> Problem to work on
Every record here must be copied exactly, except for the images it holds.

========

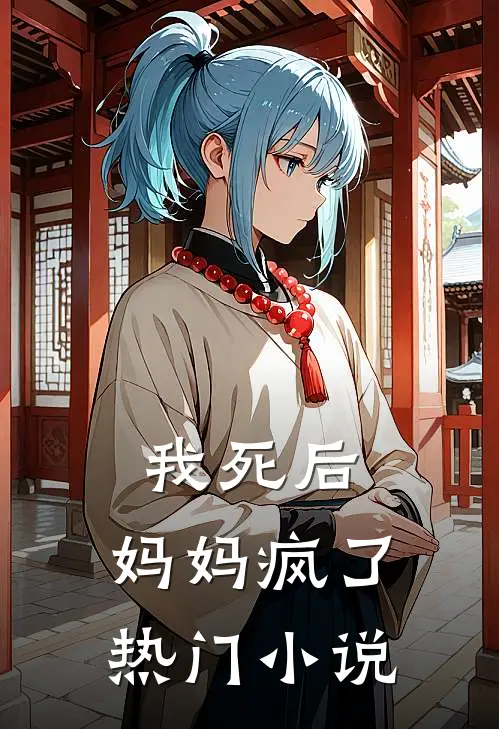 我死后,妈妈疯了热门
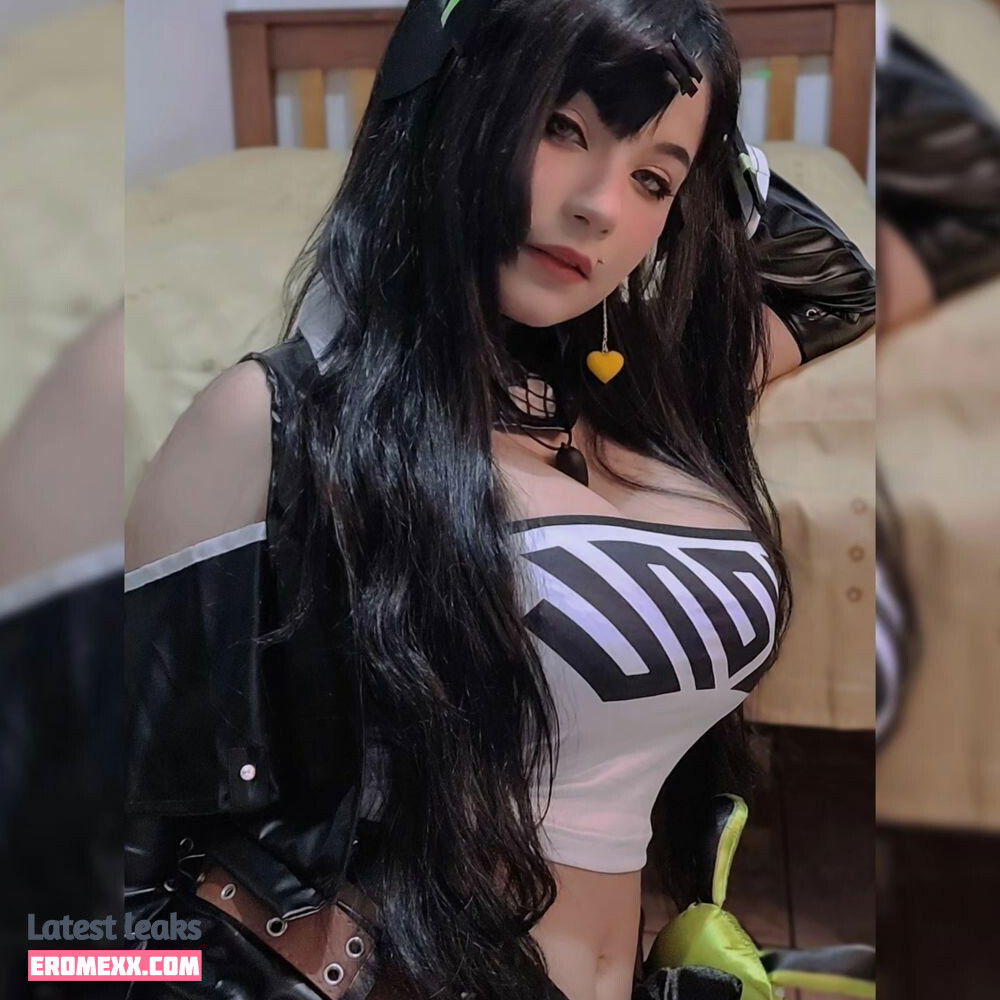 Latest Leaks SakuraJul Nude #25 - Fapello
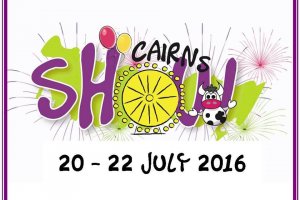 The Cairns Show The Cairns Show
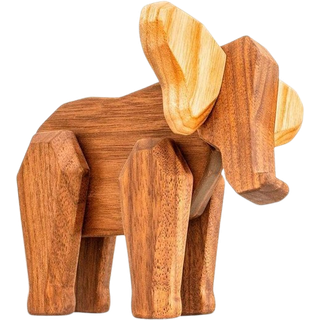 Fablewood Mor Elefant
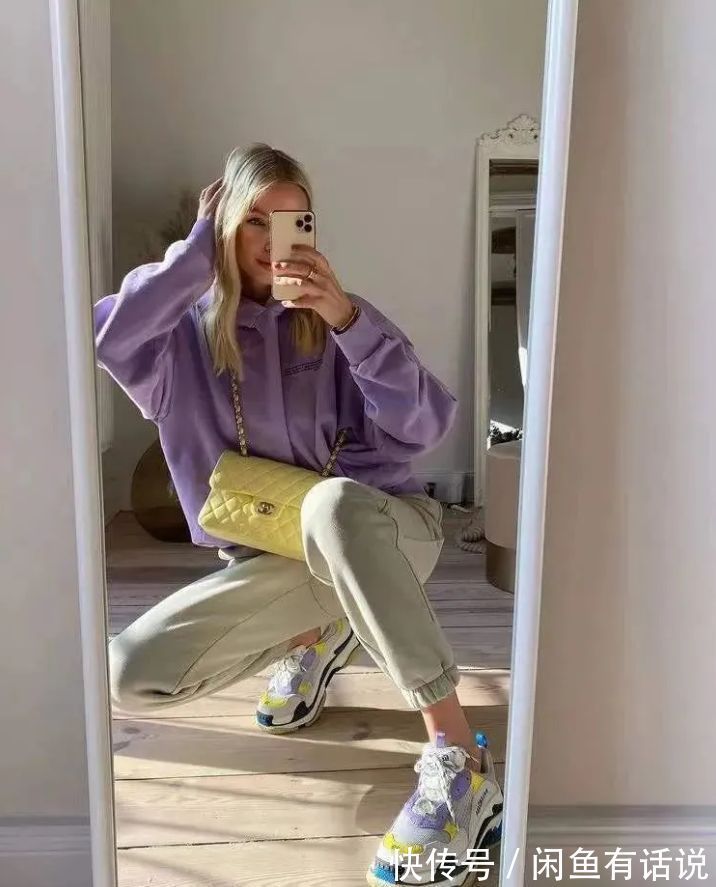 配色|2022年度“流行色”来了!3个高级感配色方案,照着穿就够美了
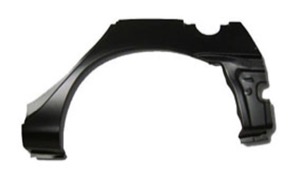 Sdovgg Hjulhuskant Till Hger Bak in the group Body parts / Body Panel / Body Panel, Sidewall at  Professional Parts Sweden AB (8160584)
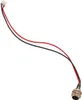 Anschluss Kupplung für Ladegerät Stecker 9mm 3-polig Produktbild-Vorschau 1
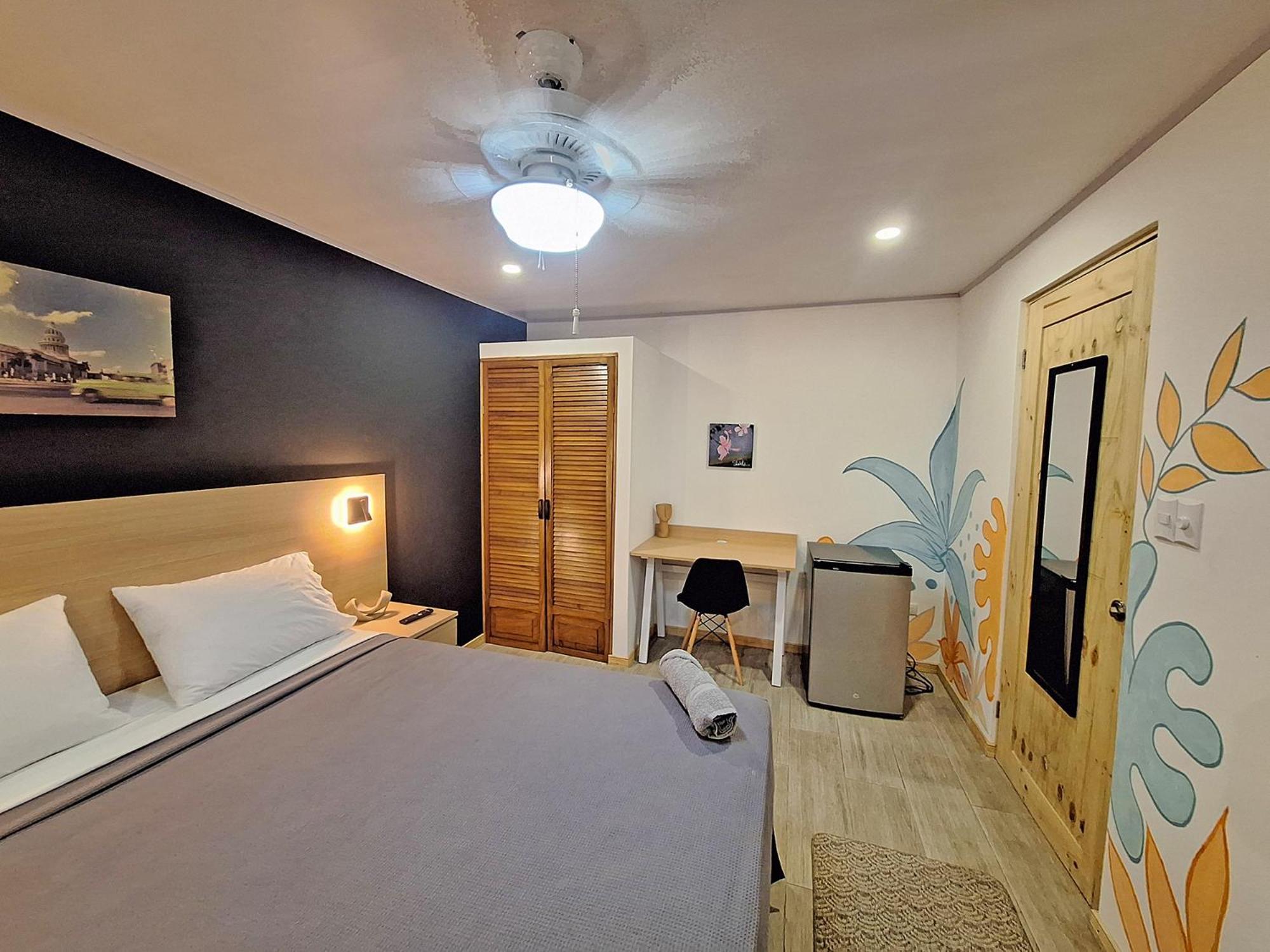 Jungla Urbana, Bnb Pavas Exterior photo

========

> Solved problem
 我死后,妈妈疯了热门
 Latest Leaks SakuraJul Nude #25 - Fapello
 The Cairns Show The Cairns Show
 Fablewood Mor Elefant
 配色|2022年度“流行色”来了!3个高级感配色方案,照着穿就够美了
 Sdovgg Hjulhuskant Till Hger Bak in the group Body parts / Body Panel / Body Panel, Sidewall at  Professional Parts Sweden AB (8160584)
 Anschluss Kupplung für Ladegerät Stecker 9mm 3-polig Produktbild-Vorschau 1
 Jungla Urbana, Bnb Pavas Exterior photo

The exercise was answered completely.